Édition du 18 juin 2024

Une tribune libre pour la gauche québécoise en marche

Le Monde

Les opposants au gaz de schiste de plus en plus mobilisés dans le monde

Alors que de plus en plus de pays autorisent l’exploration et l’exploitation des pétrole et gaz de schiste, les contestations se succèdent. Samedi 19 octobre, ils doivent être des milliers à manifester, en France (à Paris, Toulouse, Lille ou Nice), aux Etats-Unis, Canada, Angleterre, Allemagne ou encore Roumanie à l’occasion de la Journée mondiale contre le gaz de schiste.

Car si ces hydrocarbures non conventionnels font miroiter aux entreprises et aux pays revenus, recettes fiscales et emplois – jusqu’au rêve d’une indépendance énergétique –, ils sont vivement critiqués pour leurs conséquences néfastes sur l’environnement ainsi que sur le climat. Tour d’horizon de ces mouvements d’opposition.

En Roumanie : le recul de Chevron

C’est une victoire importante remportée par les opposants au gaz de schiste. Les deux mois de protestations de villageois contre des projets d’exploration à Silistea, dans le nord-est du pays, ont eu raison de Chevron. Le géant américain de l’énergie a annoncé la suspension de ses activités jeudi 17 octobre, au lendemain d’échauffourées entre gendarmes et protestataires qui bloquaient depuis lundi l’unique voie d’accès au site où le pétrolier comptait forer son premier puits d’exploration.

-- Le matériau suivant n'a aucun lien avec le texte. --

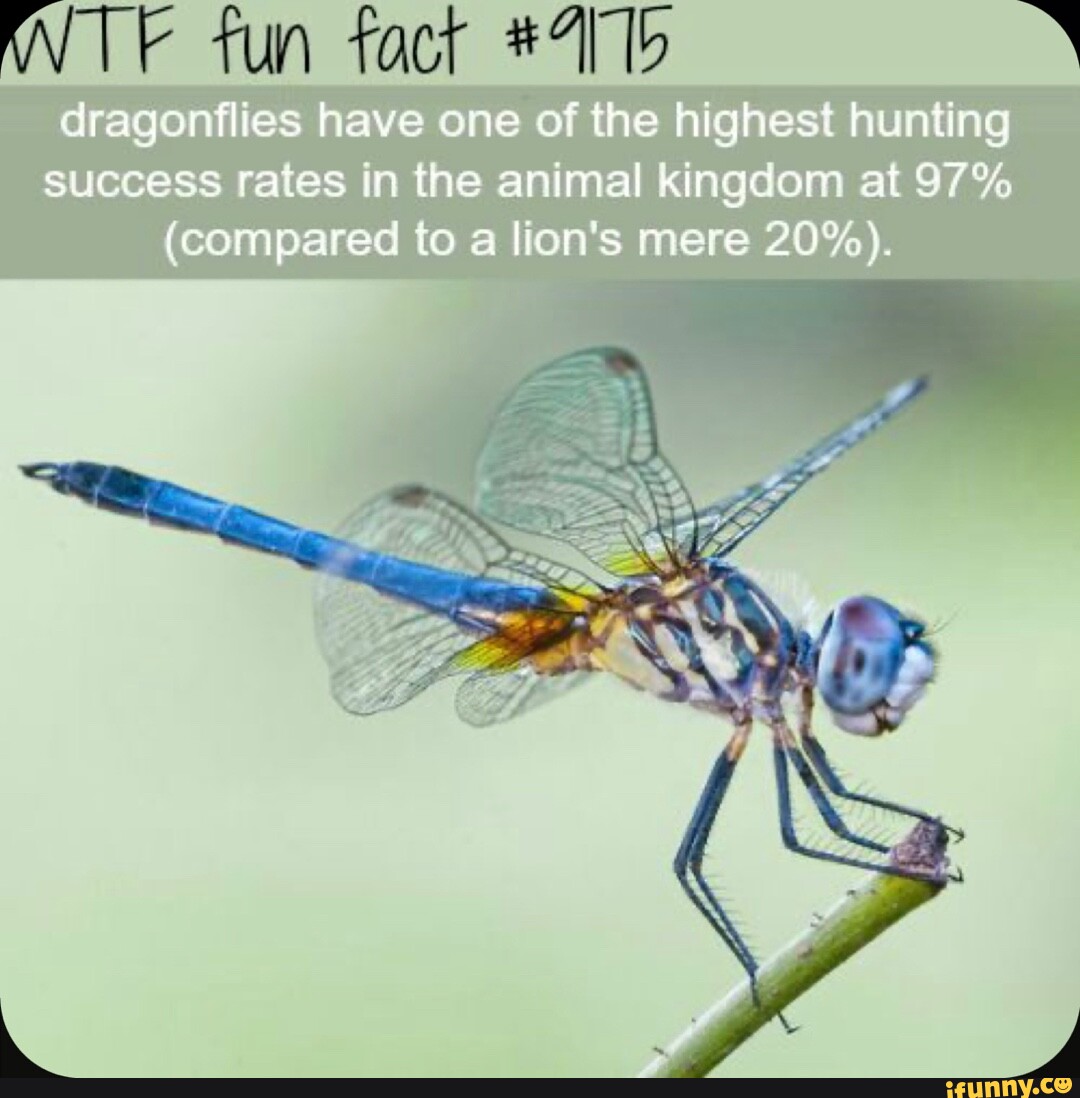 Video memes nNSnSFRkA by Tkmario: 2 comments - iFunny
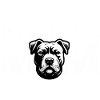 Porträt der Pitbull-Mutter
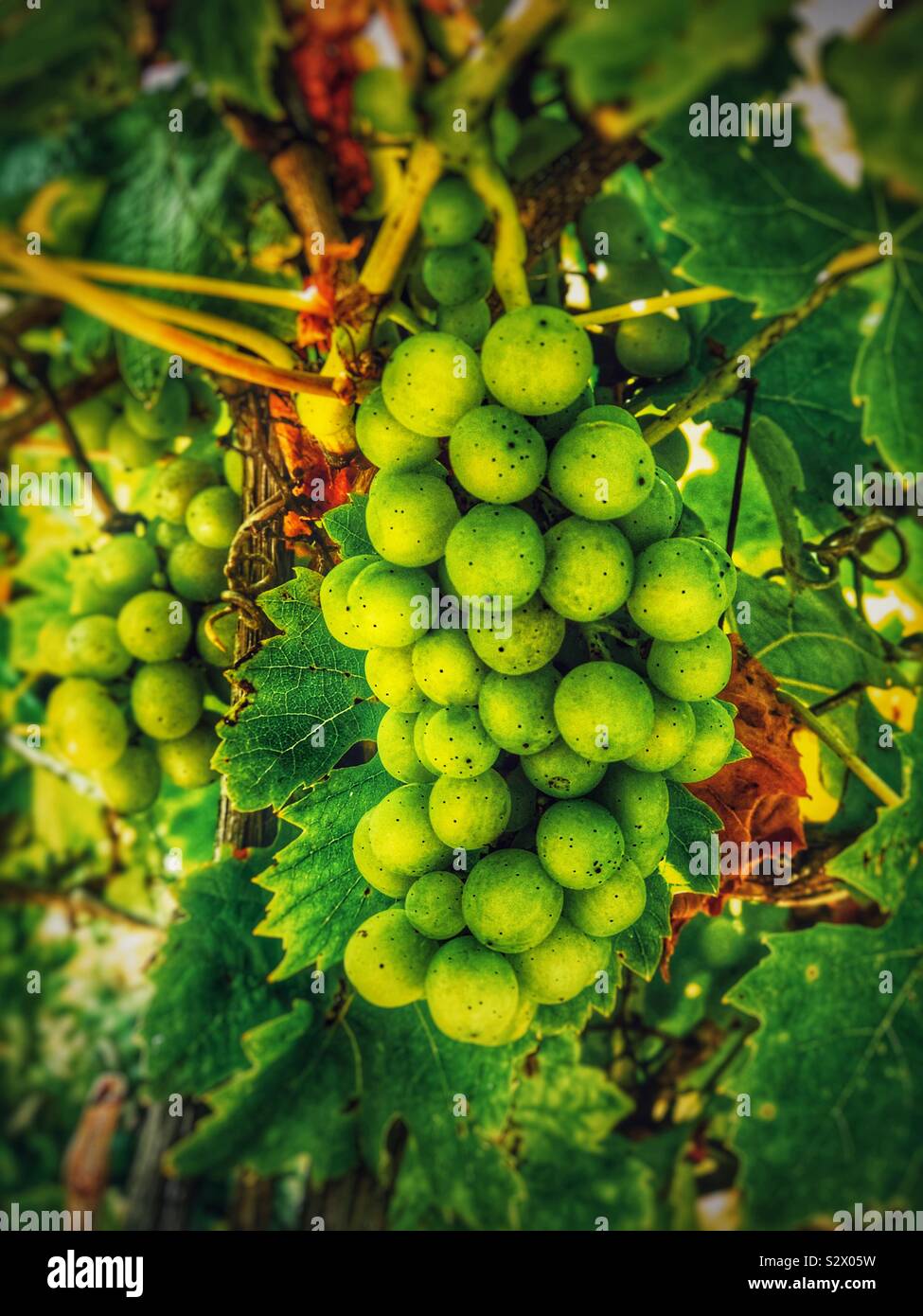 Grapes on the vine - Smartphone Captured Stock Image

Le groupe avait obtenu en juillet des permis d’exploration dans trois villages de cette région pauvre, juste après la levée, en mars, par le gouvernement, du moratoire instauré l’année précédente. Après avoir vivement combattu ces hydrocarbures non conventionnels lorsque la coalition de centre gauche, à laquelle il appartient, était dans l’opposition, le premier ministre Victor Ponta s’est finalement rallié à cette nouvelle source d’énergie, rejoignant le président de centre droit Traian Basescu, fervent défenseur du gaz de schiste. Objectif : s’affranchir des coûteuses importations de gaz russe. Selon les dernières estimations de l’Agence d’information sur l’énergie américaine (EIA – Energy Information Administration), publiées en juin, le pays abriterait, avec l’Ukraine et la Bulgarie, 5 500 milliards de mètres cubes de gaz de schiste et 1,6 milliard de barils de pétrole de schiste.

Les opposants, eux, ne l’entendent pas de cette oreille. Pour eux, la fracturation hydraulique, qui consiste à injecter à haute pression dans la roche d’énormes quantités d’eau additionnées de sable et d’additifs chimiques, pollue les nappes phréatiques, fragilise les sols, voire favorise les tremblements de terre.

En Ukraine : une mobilisation naissante

L’exemple roumain a fait des émules dans l’Ukraine voisine : jeudi 17 octobre, ce sont des centaines d’Ukrainiens qui ont manifesté contre les projets de Chevron d’exploiter le gaz de schiste dans leur pays.

L’an dernier, le géant américain avait remporté un appel d’offres pour exploiter le gisement d’Olesky, dans l’ouest du pays, dont le gouvernement estime les réserves à 2 980 milliards de mètres cubes de gaz. Un enjeu capital pour cette ex-république soviétique qui cherche à réduire sa dépendance par rapport à la Russie. Mais les populations locales s’inquiètent de l’impact sur l’environnement dans une région montagneuse qui est également un site touristique.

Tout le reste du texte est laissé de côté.